Here is how this applied to me recently.

My wife has a non profit organization which delivers backpacks filled with school supplies to poor South American Children. Normally the children and I travel with her and I shoot this event. This time I stayed at home with the children while she went, taking my NTSC VX2000 with her. She came back from the trip with a bunch of footage that her uncle had shot with my camera that was so shakey I originally thought it was unusable. I did a little research and found out about VirtualDub and Deshaker. I ended up with a 24p 16:9 final project that looks very good, especially considering the shakey handheld nature of the original footage. In this case, the end result was much better than if it had been shot on a 24p 16:9 camera. If I'd had shakey 16:9 footage, I wouldn't have been able to rescue it to this degree. That is what amazes me so much.
Tom Pauncz wrote on 5/19/2005, 12:56 PM
Hey Laurence - gotcha.

But you said My VX2000 only shoots 4:3. Is that because you choose so, or does your VX200 somehow not have a 16:9 setting?

Tom
Laurence wrote on 5/19/2005, 1:40 PM
Does anybody count the VX2000 16:9 mode? ;-)

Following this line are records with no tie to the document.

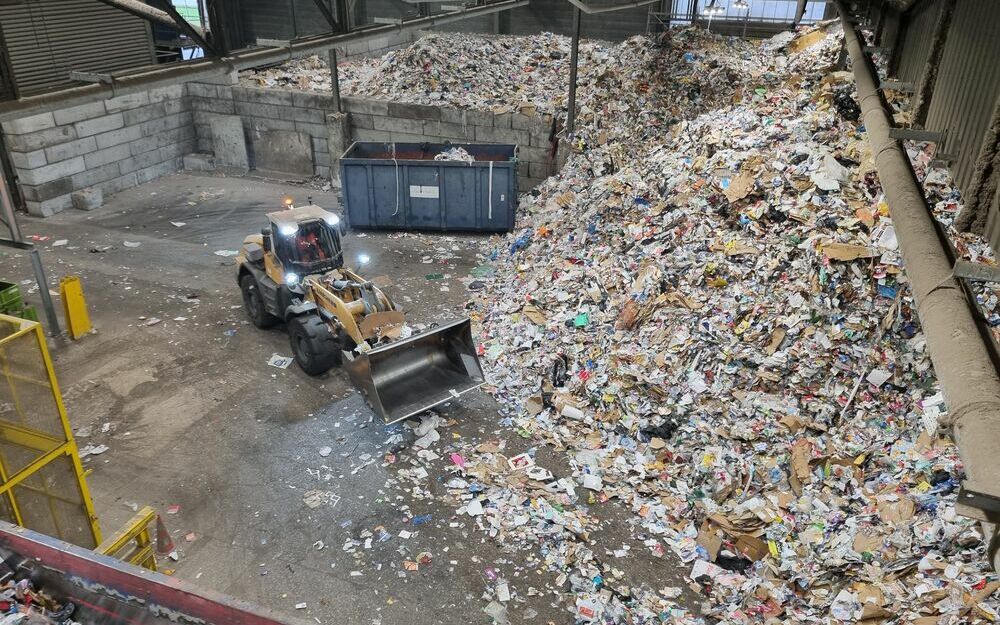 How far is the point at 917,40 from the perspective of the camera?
1011 cm

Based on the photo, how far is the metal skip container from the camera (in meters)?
12.9

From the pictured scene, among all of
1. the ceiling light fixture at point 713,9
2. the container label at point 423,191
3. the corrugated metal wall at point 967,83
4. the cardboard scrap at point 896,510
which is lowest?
the cardboard scrap at point 896,510

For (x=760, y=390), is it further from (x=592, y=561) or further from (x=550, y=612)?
(x=550, y=612)

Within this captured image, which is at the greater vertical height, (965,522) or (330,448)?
(965,522)

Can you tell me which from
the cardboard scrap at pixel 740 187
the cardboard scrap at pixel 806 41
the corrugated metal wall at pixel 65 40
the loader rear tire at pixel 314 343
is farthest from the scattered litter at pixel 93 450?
the cardboard scrap at pixel 806 41

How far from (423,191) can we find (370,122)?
11.2 feet

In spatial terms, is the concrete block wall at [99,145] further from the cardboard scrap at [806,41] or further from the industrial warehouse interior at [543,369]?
the cardboard scrap at [806,41]

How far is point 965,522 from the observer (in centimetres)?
479

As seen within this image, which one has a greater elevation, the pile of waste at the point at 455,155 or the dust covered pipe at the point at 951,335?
the dust covered pipe at the point at 951,335

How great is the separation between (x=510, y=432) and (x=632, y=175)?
18.2 ft

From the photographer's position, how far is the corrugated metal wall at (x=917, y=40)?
29.3 ft

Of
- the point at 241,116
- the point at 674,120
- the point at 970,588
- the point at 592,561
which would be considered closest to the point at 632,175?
the point at 674,120

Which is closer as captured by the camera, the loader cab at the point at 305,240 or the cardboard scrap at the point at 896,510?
the cardboard scrap at the point at 896,510

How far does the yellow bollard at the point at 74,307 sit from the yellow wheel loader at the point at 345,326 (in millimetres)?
2391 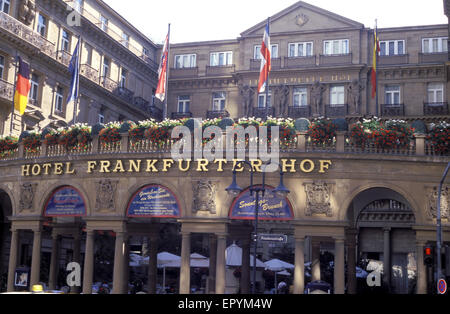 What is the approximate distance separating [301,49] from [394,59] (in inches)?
335

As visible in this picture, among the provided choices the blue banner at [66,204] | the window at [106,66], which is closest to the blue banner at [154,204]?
the blue banner at [66,204]

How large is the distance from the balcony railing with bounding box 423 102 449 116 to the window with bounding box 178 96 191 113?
22.9m

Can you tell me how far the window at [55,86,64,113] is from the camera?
45.6m

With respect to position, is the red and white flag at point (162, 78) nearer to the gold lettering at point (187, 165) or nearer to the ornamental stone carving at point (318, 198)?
the gold lettering at point (187, 165)

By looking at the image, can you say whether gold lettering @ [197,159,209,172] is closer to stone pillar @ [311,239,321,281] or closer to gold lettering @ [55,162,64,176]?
stone pillar @ [311,239,321,281]

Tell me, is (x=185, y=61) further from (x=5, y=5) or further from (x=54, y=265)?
(x=54, y=265)

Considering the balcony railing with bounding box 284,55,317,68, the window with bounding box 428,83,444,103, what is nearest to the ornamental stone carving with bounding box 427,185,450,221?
the window with bounding box 428,83,444,103

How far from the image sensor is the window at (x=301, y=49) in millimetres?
52219

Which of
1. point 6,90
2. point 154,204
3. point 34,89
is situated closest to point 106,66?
point 34,89

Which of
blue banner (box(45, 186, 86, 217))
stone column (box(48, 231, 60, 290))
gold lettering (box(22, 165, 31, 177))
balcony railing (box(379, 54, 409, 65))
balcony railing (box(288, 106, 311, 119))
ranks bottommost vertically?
stone column (box(48, 231, 60, 290))

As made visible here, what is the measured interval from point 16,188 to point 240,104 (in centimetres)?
2649

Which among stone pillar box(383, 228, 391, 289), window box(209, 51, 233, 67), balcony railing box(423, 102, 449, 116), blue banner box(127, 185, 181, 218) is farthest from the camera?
window box(209, 51, 233, 67)

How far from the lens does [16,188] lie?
105ft
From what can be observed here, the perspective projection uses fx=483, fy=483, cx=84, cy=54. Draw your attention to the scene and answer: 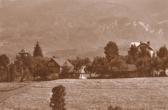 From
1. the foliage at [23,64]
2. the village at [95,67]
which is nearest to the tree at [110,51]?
the village at [95,67]

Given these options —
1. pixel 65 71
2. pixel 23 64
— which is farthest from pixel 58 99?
pixel 23 64

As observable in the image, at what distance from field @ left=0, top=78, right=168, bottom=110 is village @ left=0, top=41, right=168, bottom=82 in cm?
1434

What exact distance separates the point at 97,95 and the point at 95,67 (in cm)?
2744

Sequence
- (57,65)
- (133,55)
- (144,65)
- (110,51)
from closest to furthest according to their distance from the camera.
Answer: (144,65) → (110,51) → (133,55) → (57,65)

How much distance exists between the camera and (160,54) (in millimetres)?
96250

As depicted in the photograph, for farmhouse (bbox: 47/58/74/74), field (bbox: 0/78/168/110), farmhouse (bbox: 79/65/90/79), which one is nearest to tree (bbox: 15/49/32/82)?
farmhouse (bbox: 47/58/74/74)

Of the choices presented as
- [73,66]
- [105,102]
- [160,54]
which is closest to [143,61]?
[160,54]

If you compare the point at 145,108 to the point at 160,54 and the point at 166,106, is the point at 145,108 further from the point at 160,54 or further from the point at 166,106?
the point at 160,54

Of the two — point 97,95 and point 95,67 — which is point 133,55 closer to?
point 95,67

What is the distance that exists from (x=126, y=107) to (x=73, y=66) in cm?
4783

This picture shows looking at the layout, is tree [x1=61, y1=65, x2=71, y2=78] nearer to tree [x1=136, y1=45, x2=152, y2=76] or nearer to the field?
tree [x1=136, y1=45, x2=152, y2=76]

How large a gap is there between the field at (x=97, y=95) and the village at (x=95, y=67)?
14.3 metres

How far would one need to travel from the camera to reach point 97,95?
221 ft

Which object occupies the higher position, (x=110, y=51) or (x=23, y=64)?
(x=110, y=51) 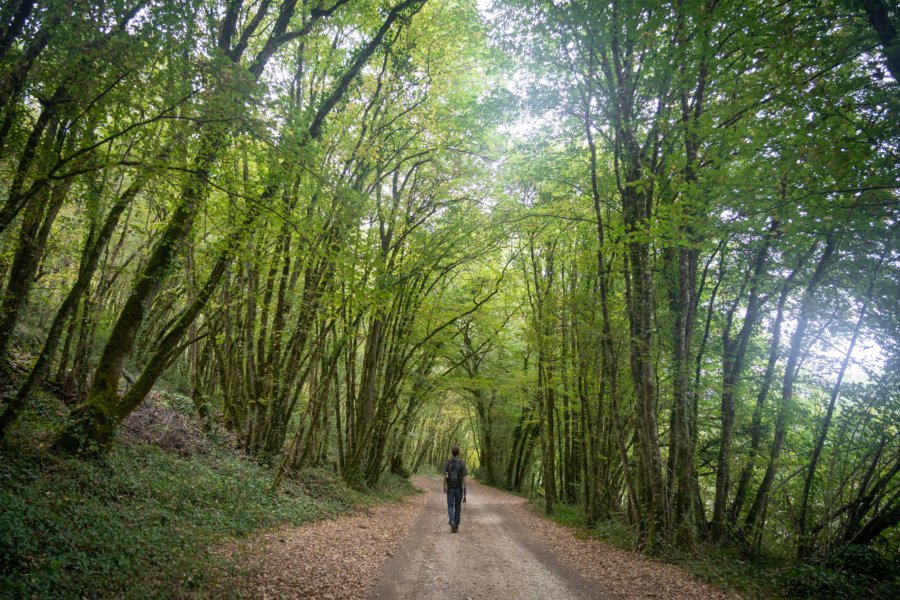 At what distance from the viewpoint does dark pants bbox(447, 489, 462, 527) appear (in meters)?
9.16

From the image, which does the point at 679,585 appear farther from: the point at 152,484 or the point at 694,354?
the point at 152,484

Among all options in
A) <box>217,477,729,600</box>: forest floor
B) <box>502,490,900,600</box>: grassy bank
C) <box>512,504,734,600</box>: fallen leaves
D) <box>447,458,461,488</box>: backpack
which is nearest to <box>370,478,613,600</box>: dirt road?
<box>217,477,729,600</box>: forest floor

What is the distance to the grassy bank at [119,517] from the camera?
142 inches

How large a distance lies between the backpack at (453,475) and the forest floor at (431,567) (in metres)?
0.98

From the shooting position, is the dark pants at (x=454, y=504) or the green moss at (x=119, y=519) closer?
the green moss at (x=119, y=519)

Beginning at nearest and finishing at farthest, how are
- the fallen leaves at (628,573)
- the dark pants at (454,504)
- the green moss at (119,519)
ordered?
the green moss at (119,519) → the fallen leaves at (628,573) → the dark pants at (454,504)

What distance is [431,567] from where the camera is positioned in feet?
20.3

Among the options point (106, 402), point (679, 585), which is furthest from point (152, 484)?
point (679, 585)

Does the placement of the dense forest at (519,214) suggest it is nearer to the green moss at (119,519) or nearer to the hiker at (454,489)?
the green moss at (119,519)

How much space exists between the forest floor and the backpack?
38.5 inches

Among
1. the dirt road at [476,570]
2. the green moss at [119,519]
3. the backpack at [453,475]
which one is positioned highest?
the backpack at [453,475]

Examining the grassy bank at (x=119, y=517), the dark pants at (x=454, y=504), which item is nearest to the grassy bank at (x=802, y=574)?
the dark pants at (x=454, y=504)

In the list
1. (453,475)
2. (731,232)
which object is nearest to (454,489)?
(453,475)

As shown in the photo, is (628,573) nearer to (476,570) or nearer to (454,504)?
(476,570) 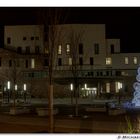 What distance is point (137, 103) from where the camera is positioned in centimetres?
2983

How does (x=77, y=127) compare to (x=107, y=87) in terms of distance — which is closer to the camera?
(x=77, y=127)

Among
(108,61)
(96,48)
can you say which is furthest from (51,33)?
(108,61)

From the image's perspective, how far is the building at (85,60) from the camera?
5766cm

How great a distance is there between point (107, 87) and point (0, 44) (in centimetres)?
1624

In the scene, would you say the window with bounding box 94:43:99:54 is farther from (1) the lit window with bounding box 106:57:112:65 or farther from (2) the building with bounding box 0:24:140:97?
(1) the lit window with bounding box 106:57:112:65

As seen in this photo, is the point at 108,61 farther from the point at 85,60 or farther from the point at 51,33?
the point at 51,33

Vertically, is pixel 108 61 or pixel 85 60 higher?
pixel 85 60

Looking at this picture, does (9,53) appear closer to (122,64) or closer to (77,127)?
(122,64)

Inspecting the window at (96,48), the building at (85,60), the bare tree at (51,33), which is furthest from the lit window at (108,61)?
the bare tree at (51,33)

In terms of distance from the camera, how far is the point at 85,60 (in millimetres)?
61656

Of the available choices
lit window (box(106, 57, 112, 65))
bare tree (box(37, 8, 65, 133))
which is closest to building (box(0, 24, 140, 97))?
lit window (box(106, 57, 112, 65))

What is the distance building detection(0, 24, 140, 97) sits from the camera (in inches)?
2270

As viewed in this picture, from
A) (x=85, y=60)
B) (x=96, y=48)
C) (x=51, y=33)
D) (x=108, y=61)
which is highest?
(x=96, y=48)

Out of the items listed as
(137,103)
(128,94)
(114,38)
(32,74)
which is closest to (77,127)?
(137,103) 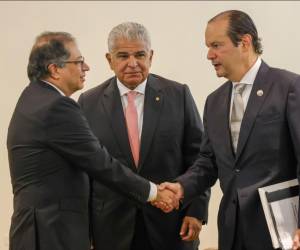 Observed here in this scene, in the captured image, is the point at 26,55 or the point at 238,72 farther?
the point at 26,55

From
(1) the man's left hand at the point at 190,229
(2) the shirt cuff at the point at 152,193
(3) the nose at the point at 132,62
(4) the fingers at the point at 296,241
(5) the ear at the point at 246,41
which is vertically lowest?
(1) the man's left hand at the point at 190,229

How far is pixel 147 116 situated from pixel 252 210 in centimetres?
77

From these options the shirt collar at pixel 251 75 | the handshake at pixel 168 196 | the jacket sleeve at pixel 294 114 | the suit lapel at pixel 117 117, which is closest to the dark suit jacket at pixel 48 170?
the suit lapel at pixel 117 117

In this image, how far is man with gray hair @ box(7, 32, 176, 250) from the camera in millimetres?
2080

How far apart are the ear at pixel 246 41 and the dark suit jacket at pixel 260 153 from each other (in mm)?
127

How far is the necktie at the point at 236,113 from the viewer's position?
2.19m

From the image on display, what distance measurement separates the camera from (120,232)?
8.20ft

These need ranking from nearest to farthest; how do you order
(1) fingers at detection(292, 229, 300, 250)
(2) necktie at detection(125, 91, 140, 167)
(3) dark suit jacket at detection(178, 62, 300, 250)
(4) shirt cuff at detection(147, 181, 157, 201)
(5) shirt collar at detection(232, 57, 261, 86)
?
(1) fingers at detection(292, 229, 300, 250)
(3) dark suit jacket at detection(178, 62, 300, 250)
(5) shirt collar at detection(232, 57, 261, 86)
(4) shirt cuff at detection(147, 181, 157, 201)
(2) necktie at detection(125, 91, 140, 167)

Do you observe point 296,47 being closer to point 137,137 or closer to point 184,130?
point 184,130

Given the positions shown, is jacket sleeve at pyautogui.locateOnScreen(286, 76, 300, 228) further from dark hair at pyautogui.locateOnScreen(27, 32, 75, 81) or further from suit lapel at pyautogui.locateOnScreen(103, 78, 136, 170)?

Well it has a 16:9 setting which is some kind of stretch mode, but I don't like it enough to actually count it. I don't think it looks nearly as good as the 16:9 stretch that Vegas does. The VX2000 16:9 mode seems to really exaggerate diagonal jagged lines whereas the Vegas stretch does not. Plus if you used it, you'd lose that extra image area that is so important for deshaking.

On a related note, I have found that you can do a kind of "tilt and scan" with the 4:3 footage and choose which section of the frame vertically you want to use, but you need to be careful not to screw up the interlace pattern by going an odd number of lines up or down (which will reverse the field order and look terrible) . The easiest way I've found to do this is in the crop page, just zoom out to 50% zoom and make whatever movements you want. At 50% all your movements will happen 2 pixels at a time and no matter what you do your field order will stay intact.